We arrived at the airport in a state of chaos, there was a problem getting the beagle on the plane, the children cried as they whisked her away and we had too much luggage. We stood in the line being jostled between one attendant and another with minutes to make our flight. We have to pay how much? And then my necklace broke. I heard it bounce as it hit the ground.
As I reached down to pick it up I pictured my girlfriends handing it to me on my birthday. Women I'd known for over 20 years. I'd fallen in love with it immediately. It was perfect. Someone who knew me well had bought this, and while it was perfect for me, it reminded me of them. I hadn't taken it off since the day I'd got it. Whenever I was anxious I would twirl the love heart in my fingers, I'd done it unconsciously. And now it was on the floor of the airport. The line began to move - I quickly grabbed the chain and the heart, and stuffed it into my pocket before getting on the plane.
Don't cry. Just get on the plane. Don't cry.

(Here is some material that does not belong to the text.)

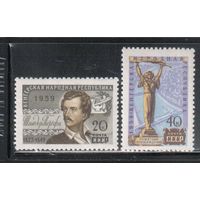СССР-1959, (Заг.2292-2293) * , Венгрия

A week later I sat in a coffee shop in Doha looking at a sea of faces - none familiar. No-one was particularly friendly, I felt self conscious, I was beginning to plan my exit. Out of the blue, a women arrived with twinkling eyes, a devilish sense of humor and a bag of jewelry for sale. I looked down at the silver pieces and recited the story of my love heart, I was melodramatic "I'm devastated, I had something similar" I pulled my love heart from my handbag "my girlfriends gave it to me". She got it. She could see it was more than just a necklace.
"I think I can fix it - I think I know someone"
And she did.
I'd made a friend. My newest friend had helped me regain a little piece of my old ones.

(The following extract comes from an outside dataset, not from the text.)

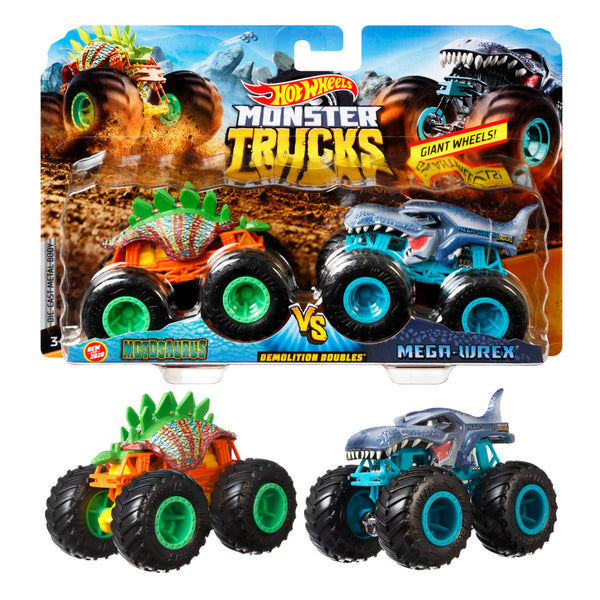 Hot Wheels Monster Trucks 2-Pack Assorti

Today I showed an old friend my daily life. She came on the school run and I introduced her to my new world, my new friends. We sat in the school cafeteria, her children with mine. My two worlds collided for just a moment. I had what I thought was a brief hidden moment of bliss. And then a message from a new friend came through tonight:
"you looked very happy today. A dose of good old aussie friends that know you inside and out does the soul a lot of good. enjoy their company."
I'm not sure how I got so lucky - the old friends are fabulous. The new friends - I'm so glad I met you.
Keep making friends.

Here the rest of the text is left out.